The expected output is exactly the lines below, starting at the line with "2C4RC1BG5HR730325 2017 CHRYSLER" and ending at the line with "Master bedroom in", both included; no other line belongs in it.

◆ Supplied data ◆
+++

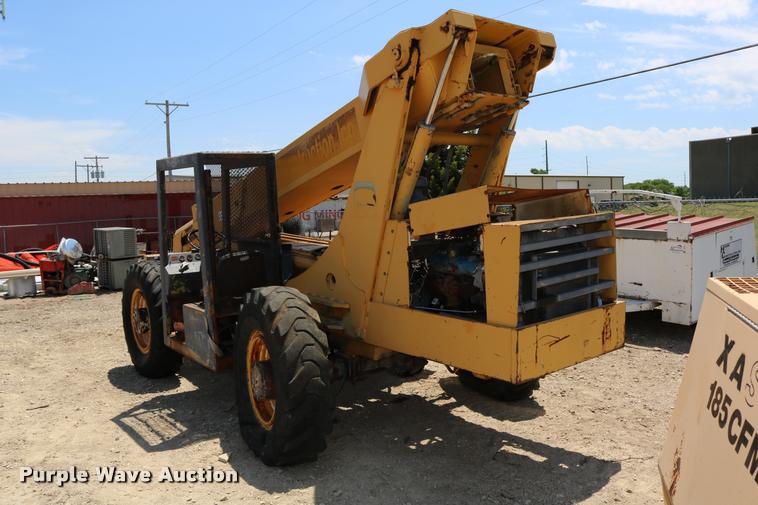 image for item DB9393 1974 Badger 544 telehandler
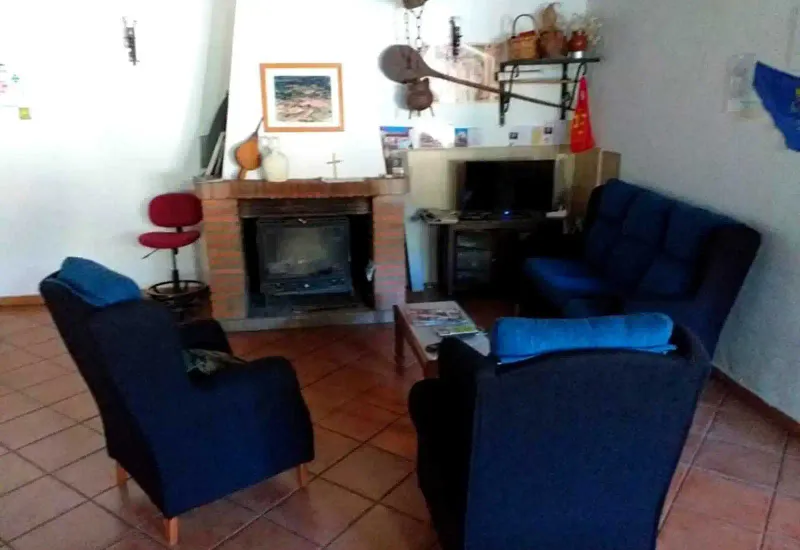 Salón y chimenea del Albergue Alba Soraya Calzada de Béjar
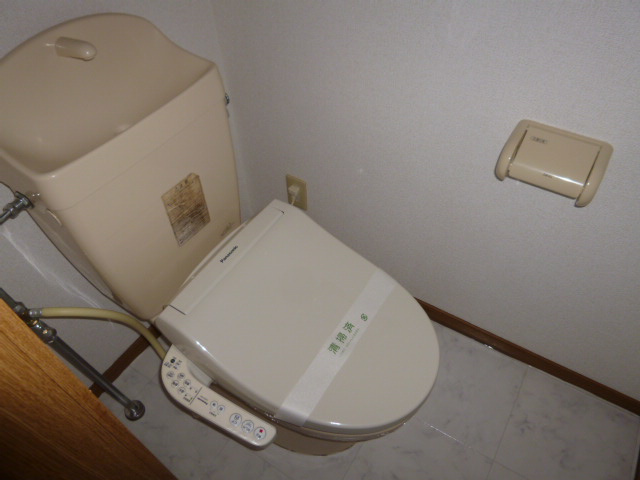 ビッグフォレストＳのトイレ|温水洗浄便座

+++

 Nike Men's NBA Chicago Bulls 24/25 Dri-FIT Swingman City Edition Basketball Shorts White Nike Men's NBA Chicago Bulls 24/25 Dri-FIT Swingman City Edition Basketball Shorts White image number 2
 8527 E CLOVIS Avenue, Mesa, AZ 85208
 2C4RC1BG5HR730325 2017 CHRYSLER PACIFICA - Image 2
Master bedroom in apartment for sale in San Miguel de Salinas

+++

◆ Solution below ◆
 2C4RC1BG5HR730325 2017 CHRYSLER PACIFICA - Image 2
Master bedroom in apartment for sale in San Miguel de Salinas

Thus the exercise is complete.